L’alinéa 113a) de la Loi dispose que le demandeur d’asile débouté ne peut, dans une demande d’ERAR, présenter : (i) que des éléments de preuve survenus depuis le rejet de sa demande d’asile; (ii) que des éléments de preuve qui n’étaient pas accessibles; (iii) que des éléments de preuve dont il n’aurait pas été raisonnable de s’attendre à ce que le demandeur d’asile soit en mesure de les présenter. Si un demandeur affirme que les éléments de preuve entrent dans la deuxième ou la troisième catégorie, alors il doit expliquer pourquoi ils n’étaient pas accessibles ou pourquoi ils n’auraient pas pu être présentés (voir Elezi c. Canada (Ministre de la Citoyenneté et de l’Immigration), [2008] 1 R.C.F. 365, 2007 CF 240, paragraphe 26, et Kaybaki c. Canada (Solliciteur général du Canada), 2004 CF 32, [2004] A.C.F. n° 27 (QL)).
[20] Dans la décision Elezi, précitée, le juge de Montigny faisait cependant observer que le simple fait que la preuve porte une date postérieure à la décision de la Commission ne signifie pas que la preuve est nouvelle si elle se limite à confirmer l’existence de faits antérieurs à la décision (voir Elezi, précité, aux paragraphes 27 à 30). La preuve doit porter sur des faits nouveaux.
[21] Dans la décision Kaybaki, précitée, le juge Kelen faisait la mise en garde suivante, au paragraphe 11 :
[…] La procédure d’évaluation du risque avant renvoi ne saurait se transformer en une seconde audience du statut de réfugié. Cette procédure a pour objet d’évaluer les nouveaux risques pouvant surgir entre l’audience et la date du renvoi.
[22] Dans l’arrêt Raza c. Canada (Ministre de la Citoyenneté et de l’Immigration), 2007 CAF 385, 289 D.L.R. (4th) 675, [2007] A.C.F. n° 1632 (QL), la Cour d’appel fédérale s’interrogeait récemment sur les conditions de fond additionnelles auxquelles doivent satisfaire les éléments de preuve pour être recevables aux termes de l’alinéa 113a). Au paragraphe 13, la juge Sharlow écrivait ce qui suit :
[13] Selon mon interprétation de l’alinéa 113a), cet alinéa repose sur l’idée que l’agent d’ERAR doit prendre acte de la décision de la SPR de rejeter la demande d’asile, à moins que des preuves nouvelles soient survenues depuis le rejet, qui auraient pu conduire la SPR à statuer autrement si elle en avait eu connaissance. L’alinéa 113a) pose plusieurs questions, certaines explicitement et d’autres implicitement, concernant les preuves nouvelles en question.
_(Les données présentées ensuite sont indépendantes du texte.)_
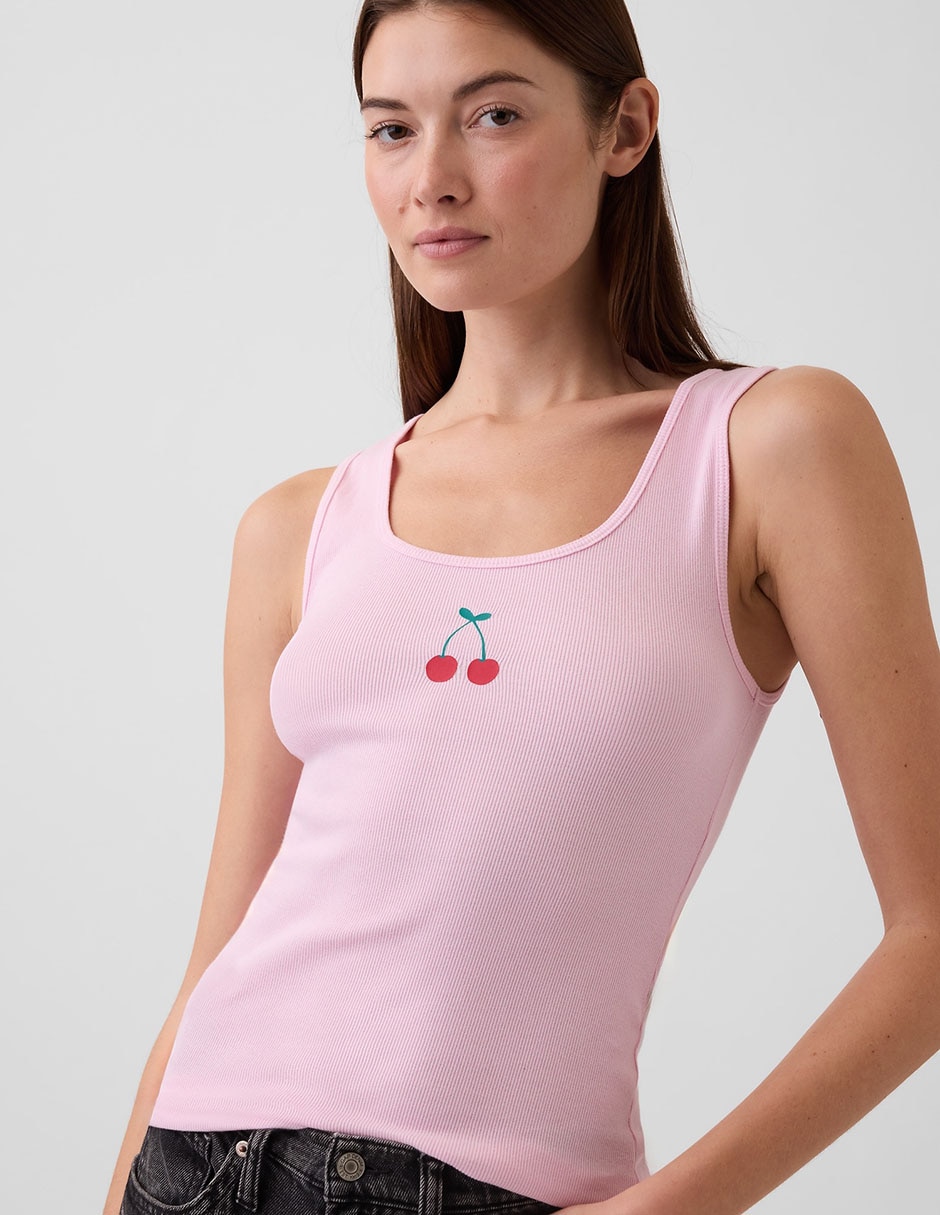 Playera tank cuello redondo para mujer 4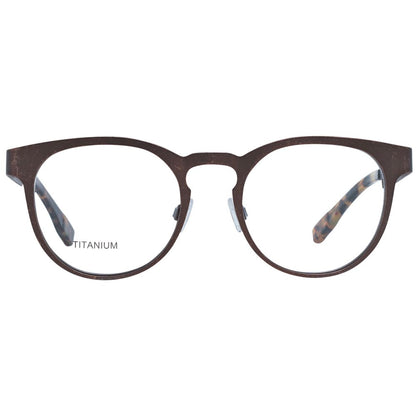 Eyeglasses Frames by Ermenegildo Zegna for men in bronze showcases a reflective silhouette, artfully incorporating a sophisticated bronze coloured frame with a distinct full-frame frame design.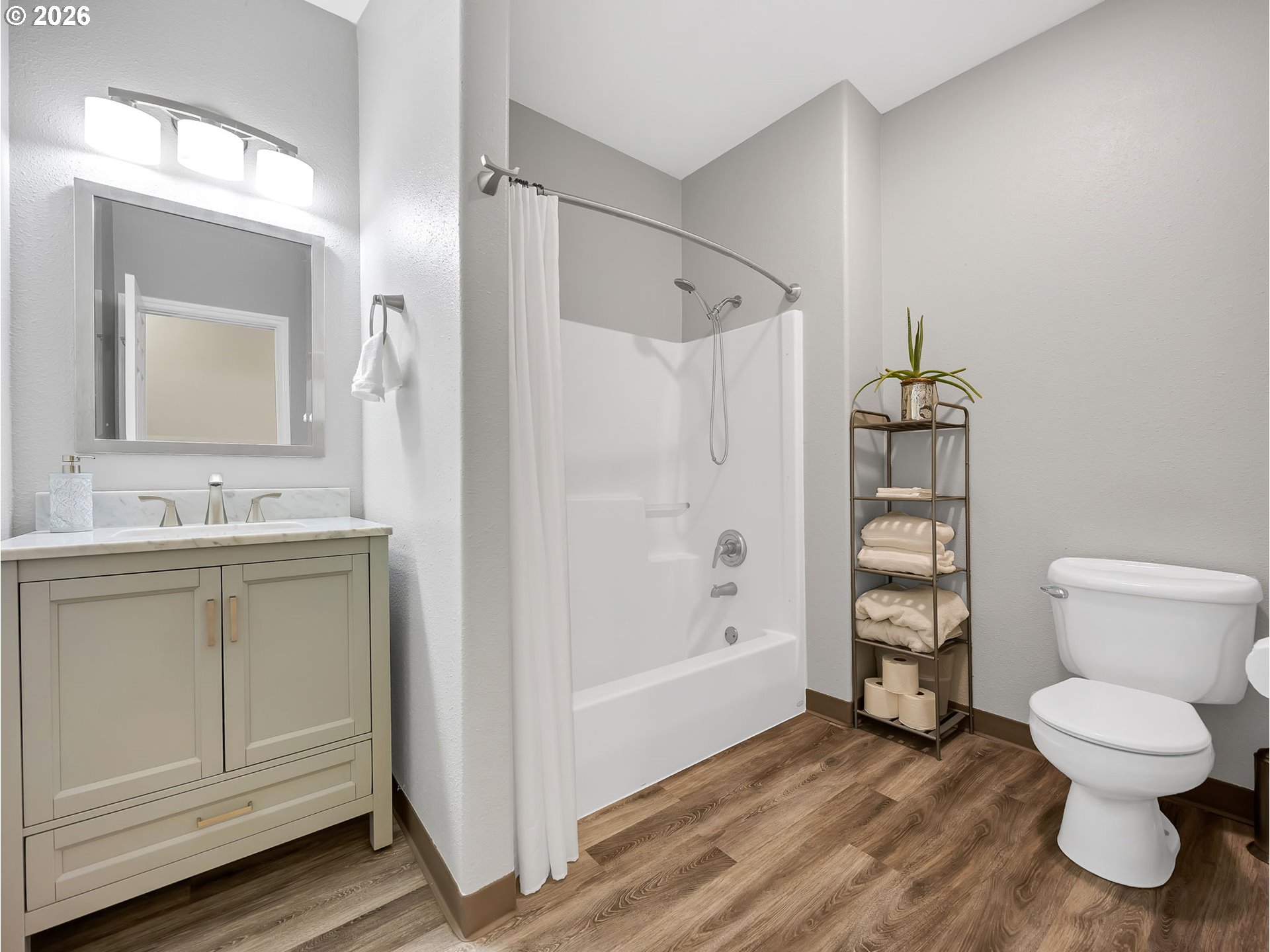 1312 Jackson Street Oregon City, OR 97045 - Photo 17 of 48 a bathroom with a toilet sink and shower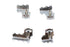 V-Twin Knucklehead Rocker Tin Set Chrome - 49-1796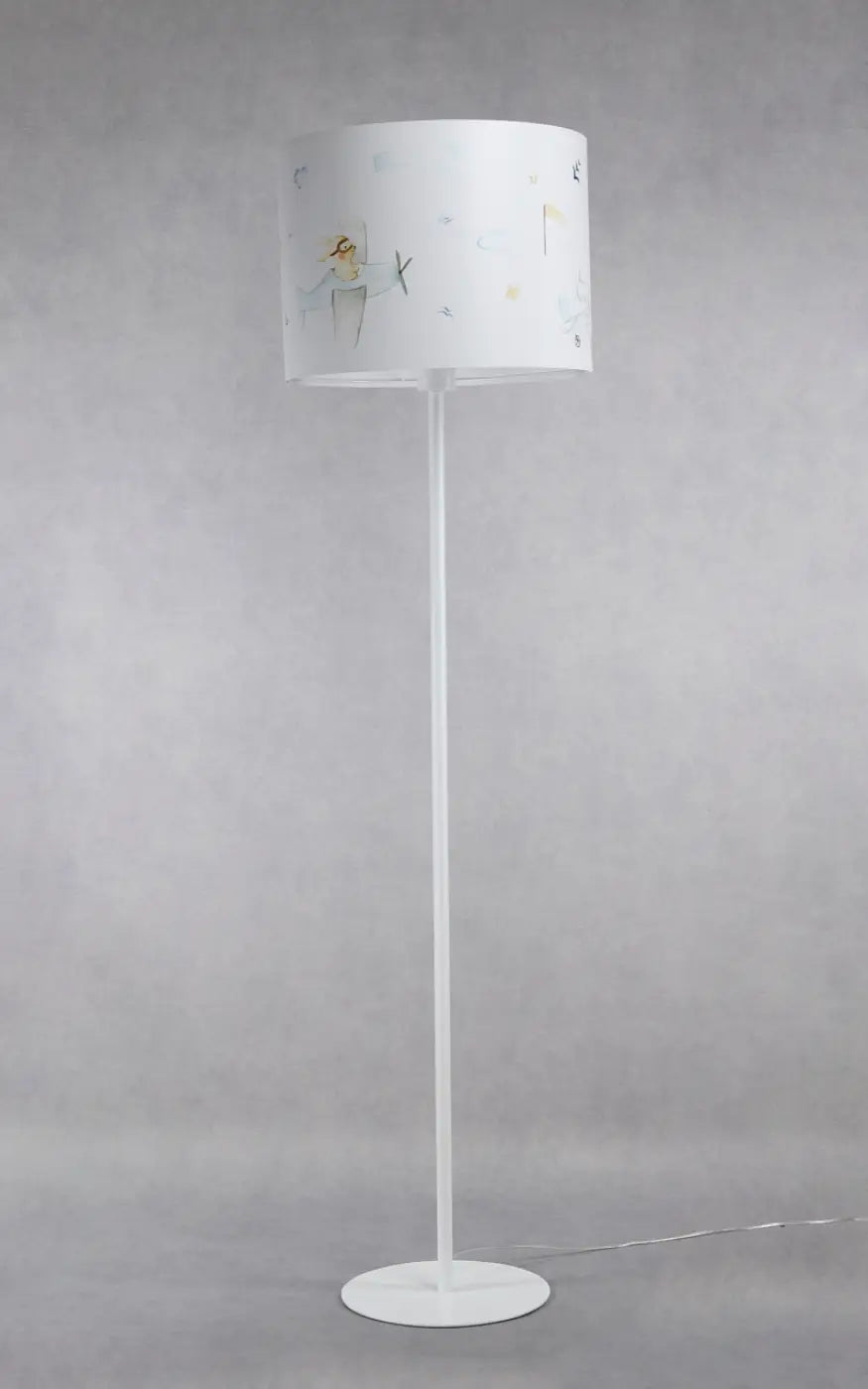 Lampadaire Sweet dreams (blanc/bleu pastel)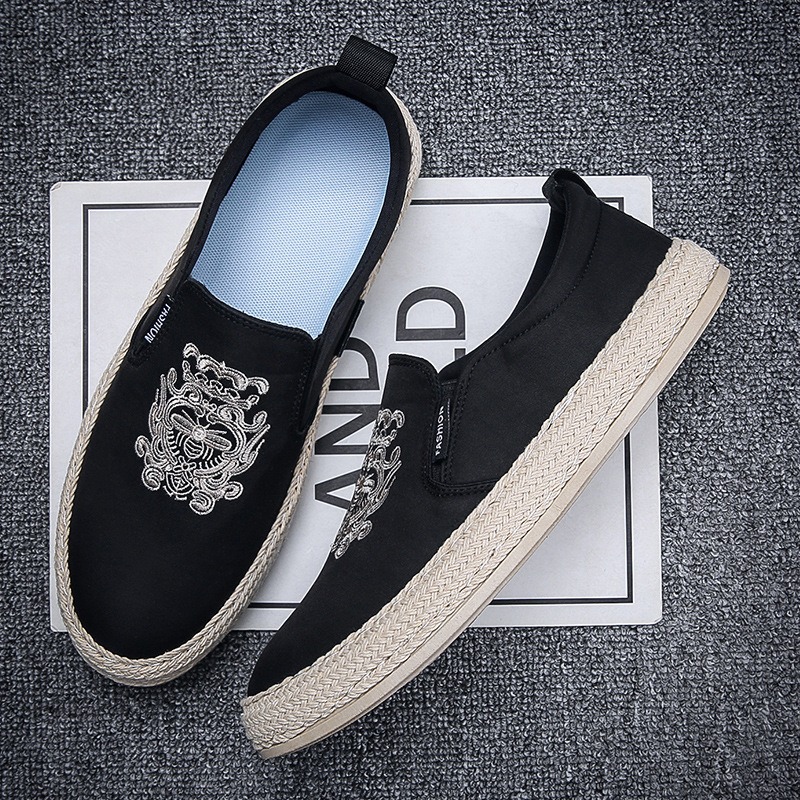 black Breathable shoes for man - Men Shoes Loafers ulasan dan harga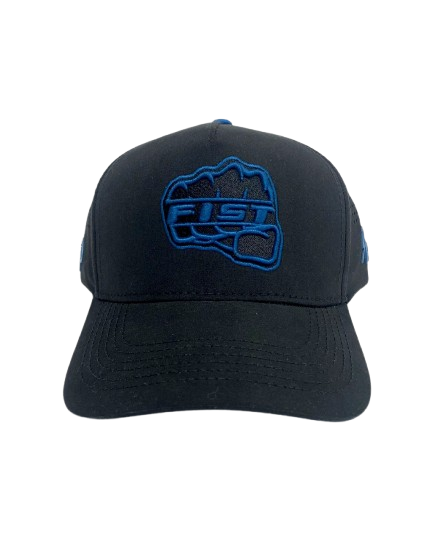 Gorra Fist - TR - Smash Padel Negra Logo Azul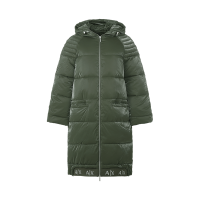 阿玛尼 ARMANI EXCHANGE 女士宽松版连帽棉服大衣外套6LYK07 YNSKZ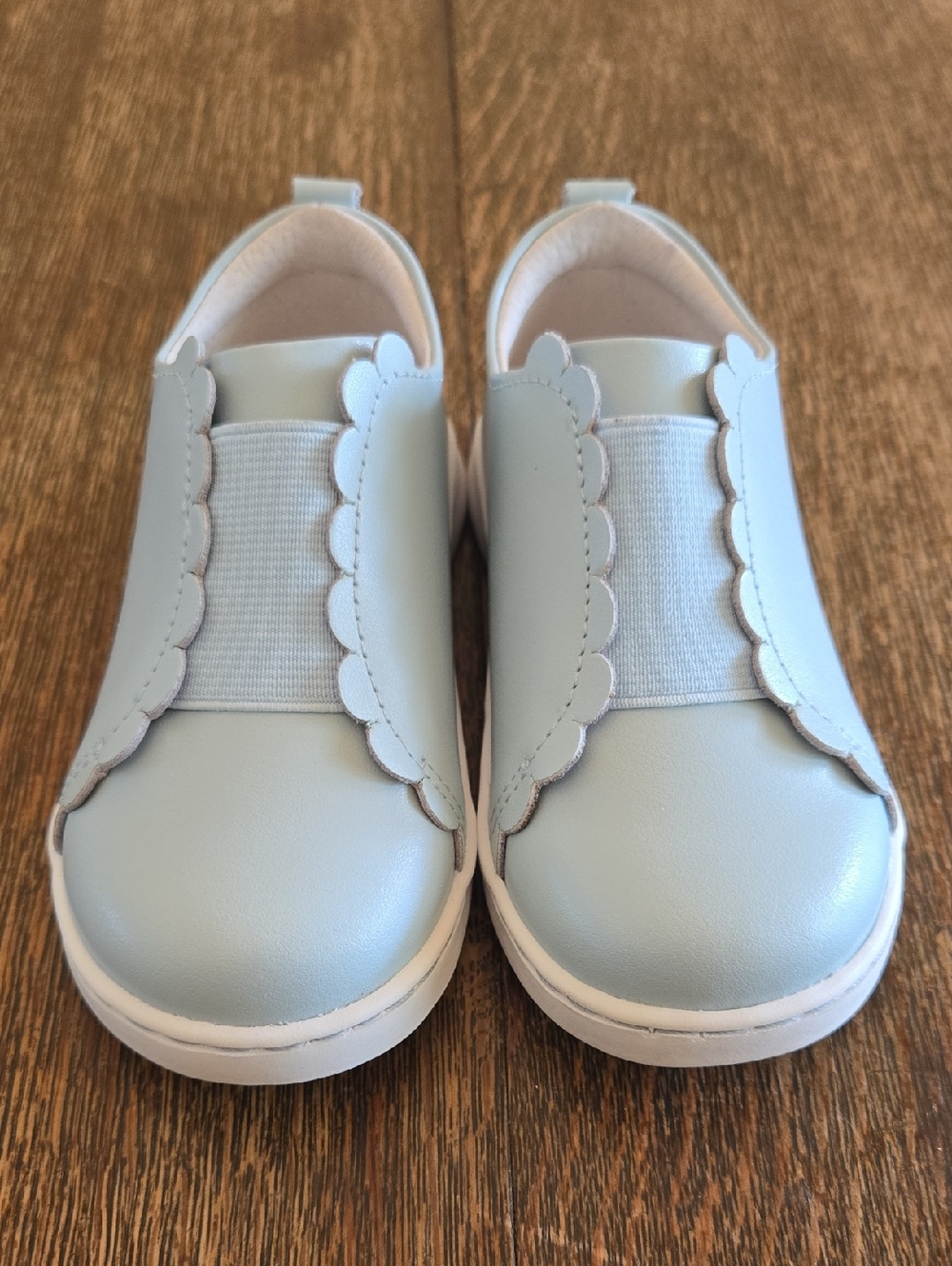 L'Amour Kids' Phoebe Light Blue Slip-On Sneaker, Size 8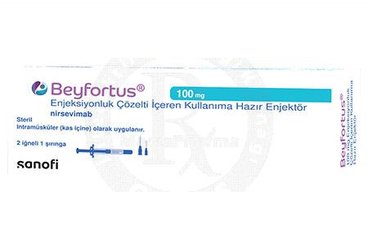 Beyfortus 100 mg Enjeksiyonluk Çözelti İçeren Kullanıma Hazır Enjektör (1 adet - 2 iğneli)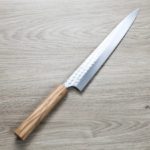 加藤義實 水波 筋引 270mm SG2粉末HSS鋼 橄欖木柄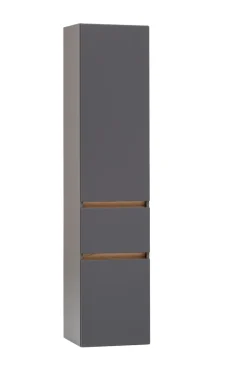 Bad-Hochschrank BRÜGGE grau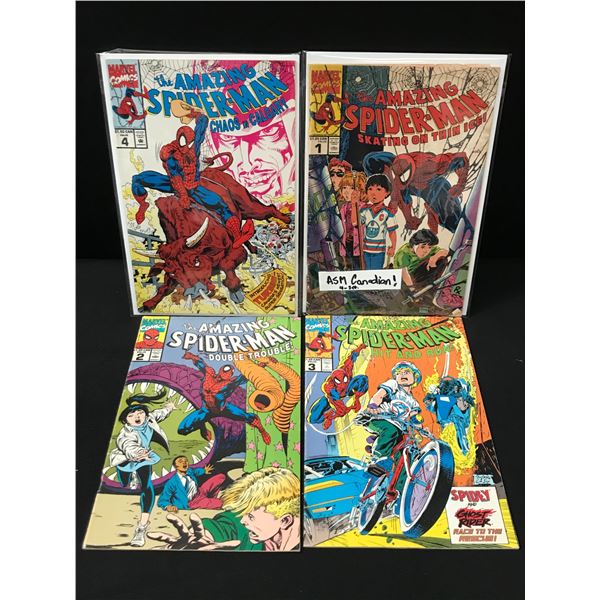 LOT OF 4 AMAZING SPIDERMAN COMICS #1-4 - MARVEL COMICS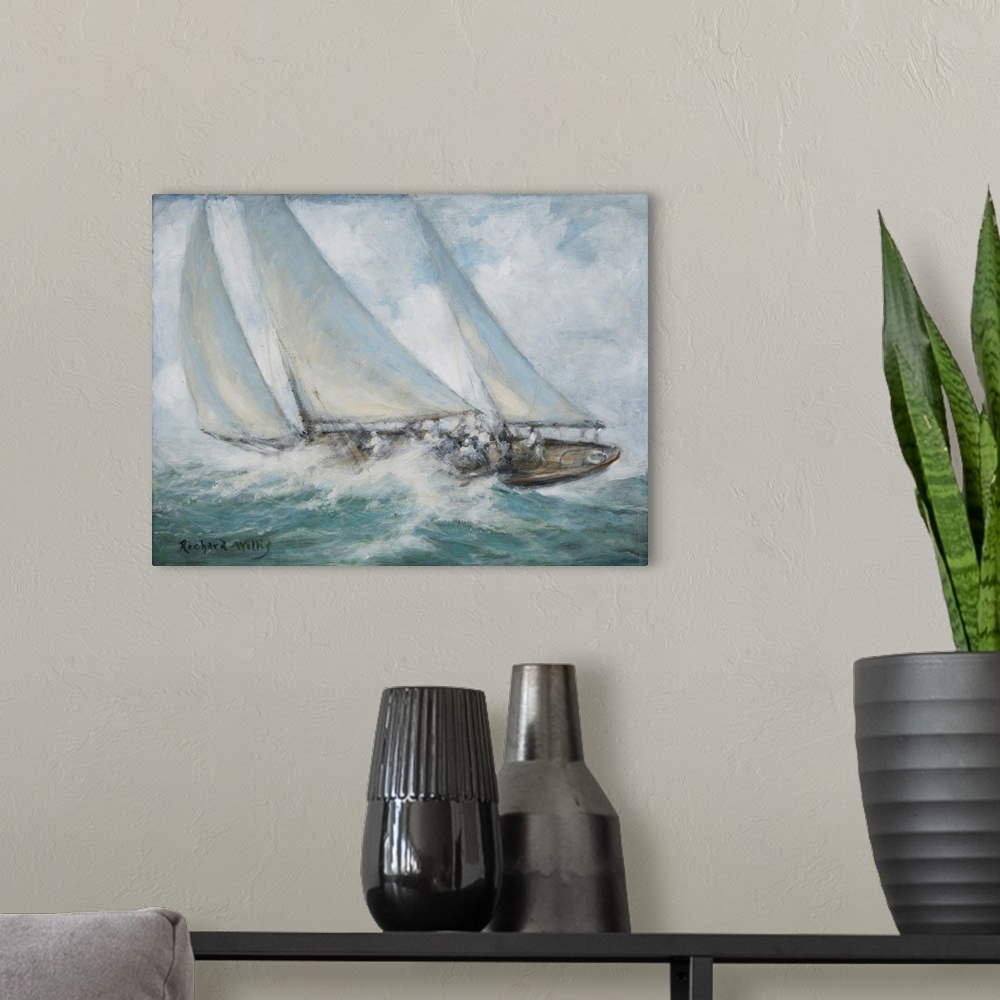 A modern room featuring Classic Yacht - "Twixt Wind And Water"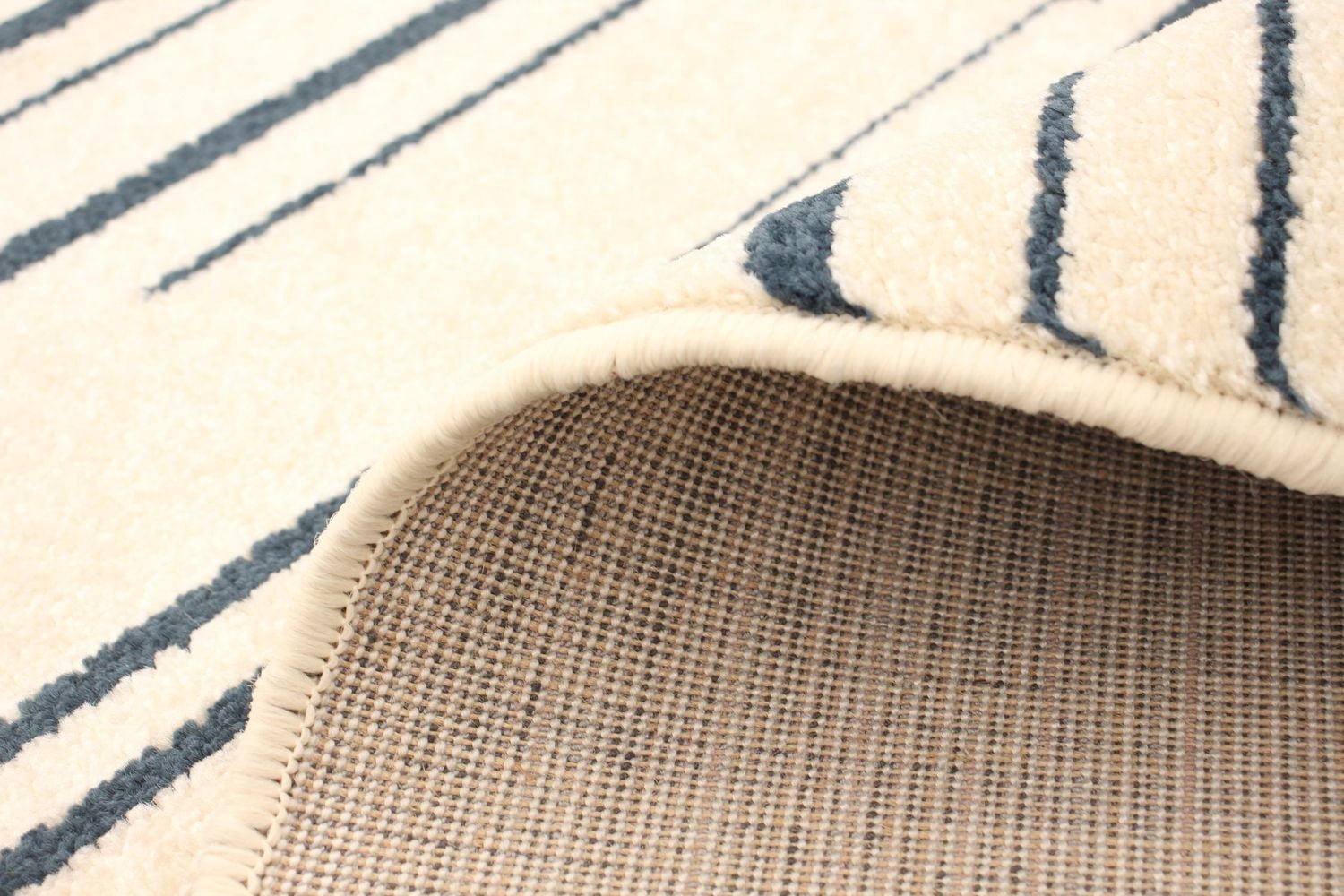 ECARPET Striped Area Rug, Minimalist Style Modern Carpet Fika Collection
Je les résume ainsi :
1. Crédibilité : Les preuves nouvelles sont‑elles crédibles, compte tenu de leur source et des circonstances dans lesquelles elles sont apparues? Dans la négative, il n’est pas nécessaire de les considérer.
2. Pertinence : Les preuves nouvelles intéressent‑elles la demande d’ERAR, c’est‑à‑dire sont‑elles aptes à prouver ou à réfuter un fait qui intéresse la demande d’asile? Dans la négative, il n’est pas nécessaire de les considérer.
3. Nouveauté : Les preuves sont‑elles nouvelles, c’est‑à‑dire sont‑elles aptes :
a) à prouver la situation ayant cours dans le pays de renvoi, ou un événement ou fait postérieur à l’audition de la demande d’asile?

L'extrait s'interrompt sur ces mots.